J'maine Dale Hopgood (born 11 May 1999) is a professional rugby league footballer who plays as a  for the Parramatta Eels in the NRL.

He previously played for the Penrith Panthers in the National Rugby League.

Early life
Hopgood was born in Hervey Bay, Queensland, and is of Indigenous Australian descent from Gureng Gureng people. He grew up playing for the Hervey Bay Seagulls before moving to Caloundra, Queensland at age 16, where he played for the Caloundra Sharks.

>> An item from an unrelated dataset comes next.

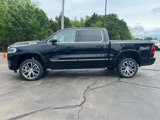 New 2025 RAM 1500 Tungsten w/ Off Road Group image 4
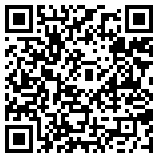 QR Code for Blue Heron Cafe & Bakery in Cadillac, MI 49601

Hopgood's father Dale died of a heart attack on 24 March 2007, aged 39, less than an hour after playing a match for the Seagulls.

Playing career

Early career
In 2017, Hopgood captained Penrith's S. G. Ball Cup (under-18s) squad during his first season at the club. Later that same year, he played for the Queensland under-18s team.

In 2019, Hopgood played for the Queensland under-20s team.

2021
Hopgood was promoted to Penrith's 30-man NRL squad ahead of the 2021 NRL season.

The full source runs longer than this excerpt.